Arthur, in Montreal for university from the States, considers himself a poet (before he is one) and is committed to living life seeking out muses in every boy he fucks. In this mess of sex, Arthur falls head-over-heels in love with Jeremy, a younger boy from the suburbs of Montreal.
Arthur has a tendency to speak in grand, generalizing terms without showing any signs of being aware that he is making grand, generalizing statements. He often thinks he is being profound when he is really just sharing common-sense gay wisdom: “We smoked cigarettes and started to have real conversations. This was typical of guys my age: it was always easier for us to actually talk after the sex.” He notes that “people tend to talk a lot of shit about the gay village […] Apparently, being free is boring.
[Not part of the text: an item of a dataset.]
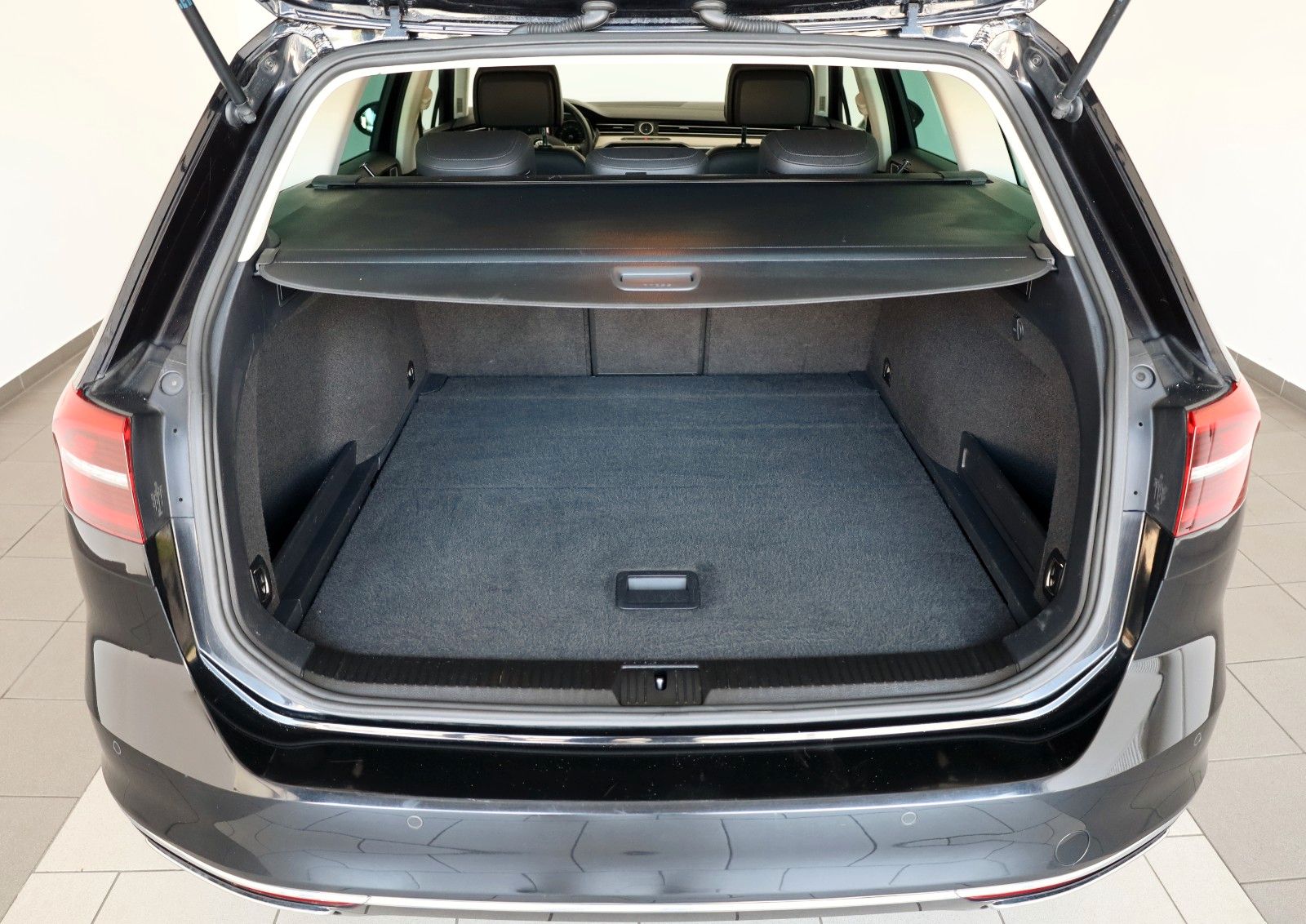 Fahrzeugabbildung Volkswagen Passat Variant Highline R Line T.Leder,Navi,LED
They want a return to secrecy, to feeling deviant, to a past we can’t experience.” While it’s true that some queers today nostalgically yearn for the days of underground cruising, this statement erases any other reason—gentrification, racism, sexism, transphobia, etc.—people may have for not liking the gay village and makes it seem like the village is nothing other than a utopian vision of freedom, liberty, and égalité.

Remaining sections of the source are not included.